Editorial: Right call from Bragdon; more work for LGC
That was fast. Just three days after the embattled Local Government Center announced that Peter Bragdon would be its new executive director, Bragdon announced his resignation as president of the New Hampshire Senate, rightly concluding that he could not in good conscience hold both posts simultaneously.
The Concord-based LGC operates enormous public risk pools that provide insurance coverage to municipal governments across the state. It has been engaged in a high-stakes legal battle with state regulators for years; the latest chapter is soon to be played out before the state Supreme Court. The Senate president controls the agenda of the Senate and plays a key role in setting the budgets of state agencies, including the regulators overseeing the LGC. Just last month, Bragdon named a Senate colleague to a study committee investigating the state law governing risk pools like the ones the LGC operates. Clearly the possibilities for conflicts, real and perceived, were myriad. Could the same person run the state Senate and simultaneously fight the state in court? Could the LGC’s regulators get fair treatment by Senate budget-writers? Would the risk pool study committee be able to truly work independently? Would lobbyists for the LGC or the New Hampshire Municipal Association get an extra-sympathetic ear from the Senate?
Bragdon’s brief dual roles created a roar of protests, which his resignation will quell – at least those concerning the reputation and operation of the Senate itself. But the episode raised real questions about the actions of the LGC itself, and, once again, the organization will need to work hard to restore the trust of the taxpayers whose money finances the organization.
What made Bragdon the best to lead the LGC? Was it his insurance expertise? He worked for just two years as operations manager at Comp-Sigma Limited in Concord, a third-party administrator for self-insured workers’ compensation trusts. More likely, it was his powerful political perch at the State House – for a $180,000 salary, the LGC appeared to be buying itself access to power and the hopes of better relations with state government.

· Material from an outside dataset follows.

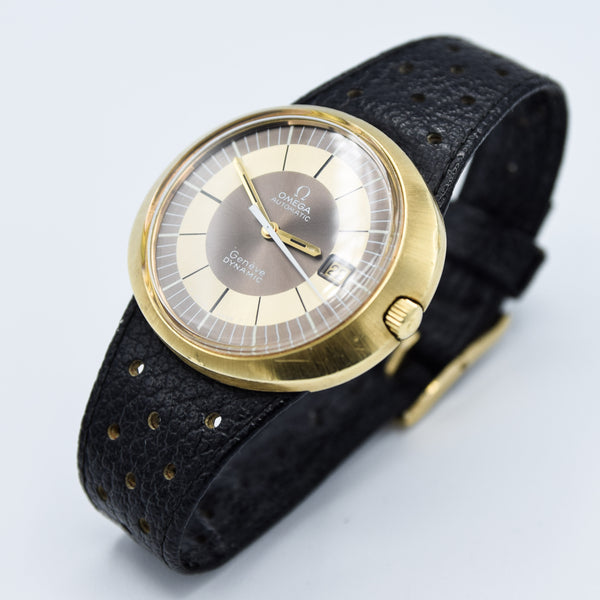 1970 Omega Geneve Dynamic Automatic Date with Gorgeous Two Tone Dial Model 166.039 in Gold Capped Case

What exactly was the LGC board hoping to get for its money?
The Local Government Center’s fight with the state is a complicated affair. The state Bureau of Securities Regulation accused the LGC of failing to return surplus money from its pooled risk programs to its member towns and school districts; improperly transferring assets; and improperly spending money for purposes beyond those permitted by state law. The LGC said it was building up its reserves to protect against unforeseen disaster and argued state law does not specify how much surplus is too much. It was ordered last year to refund $50 million as a result of financial mismanagement that a hearing officer called an “insult” to those municipalities.
Putting aside the merits of the state’s case, the LGC has over many, many months appeared secretive and stubborn. It has given the impression that the only problems it had to solve were matters of public relations – rather than projecting a true desire to operate with transparency and in the best interest of its members. The Bragdon affair has only underscored that perception.